1. Fill in the required parameters.
   • Enter a name for the IPSec service.
   • From the Tier-0/Tier-1 Gateway drop-down menu, select the Tier-0 or Tier-1 gateway to associate with this IPSec VPN service.
   • Enable or disable Admin Status, by default, the value is set to Enabled.
   • Set the value for IKE Log Level, the default is set to the Info level.
   • Enter a value for Tags If you want to include this service in a tag group.
   • To enable or disable the stateful synchronization of VPN sessions, toggle Session sync, by default, the value is set to Enabled.
   • Click Global Bypass Rules if you want to allow data packets to be exchanged between the specified local and remote IP addresses without any IPSec protection. In the Local Networks and Remote Networks text boxes, enter the list of local and remote subnets between which the bypass rules are applied.
   • Now click Save.
   • After the new IPSec VPN service is created successfully, you are asked whether you want to continue with the rest of the IPSec VPN configuration. If you click Yes, you are taken back to the Add IPSec VPN Service panel. The Sessions link is now enabled, and you can click it to add an IPSec VPN session.

• After you have configured an IPSec VPN service, you must add either a policy-based IPSec VPN session or a route-based IPSec VPN session, depending on the type of IPSec VPN you want to configure. You also provide the information for the local endpoint and profiles to use to finish the IPSec VPN service configuration.

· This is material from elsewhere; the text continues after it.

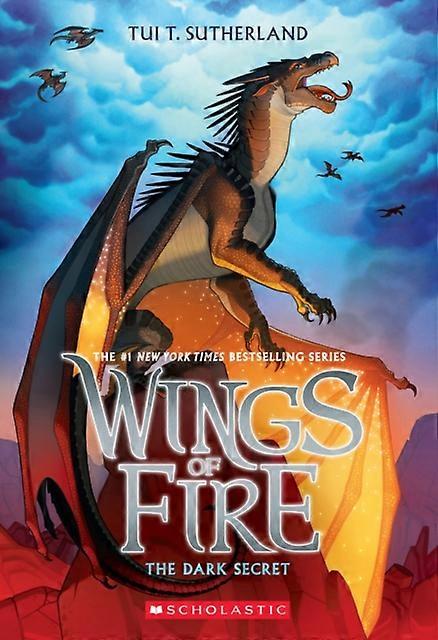 Wings Of Fire The Dark Secret Bampw by Tui T. Sutherland Paperback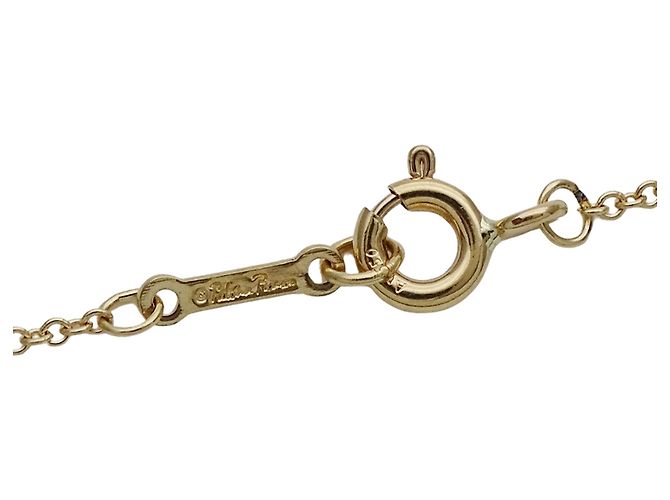 Autre Marque Collana in oro giallo da donna Tiffany & Co. D'oro - vista 6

Create a new IPsec VPN session:

• Configure either a Policy-based or Route-based IPSec VPN session depending on your configuration preference.
• We are taking example of Policy Based IPSec Session creation.
• Navigate to the Networking > VPN > IPSec Sessions tab.
• Select Add IPSec Session >  Choose either Policy Based or Route Based.
• 
• Enter a name for the IPSec VPN session.
• From the VPN Service drop-down menu, select the IPSec VPN service to which you want to add this new IPSec session.
• Select an existing local endpoint from the drop-down menu or to create a different local endpoint, click the three-dot menu (  ).
• In the Remote IP text box, enter the required IP address of the remote site.
• Enter an optional description for this IPSec VPN session.
• To enable or disable the IPSec VPN session, click Admin Status.
• From the Compliance suite drop-down menu, select a security compliance suite.
• The default value selected is None. If you select a compliance suite, the Authentication Mode is set to Certificate and in the Advanced Properties section, the values for IKE profile
  and IPSec profile are set to the system-defined profiles for the selected security compliance suite. You cannot edit these system-defined profiles. Specify local and remote endpoint IP addresses.
• If the Compliance Suite is set to None, select a mode from the Authentication Mode drop-down menu.
  The default authentication mode used is PSK, which means a secret key shared between NSX Edge and the remote site is used for the IPSec VPN session. If you select Certificate, the site certificate that was used to configure the local endpoint is used for authentication.
• In the Local Networks and Remote Networks text boxes, enter at least one IP subnet address to use for this policy-based IPSec VPN session (In CIDR format).
• If Authentication Mode is set to PSK, enter the key value in the Pre-shared Key text box
• To identify the peer site, enter a value in Remote ID.
• To change the profiles, initiation mode, TCP MSS clamping mode, and tags, click Advanced Properties.
• Click Save.
• Once the configuration is successfully completed, you would see “Success” status.

• Test connectivity and ensure only encrypted traffic is allowed between sites.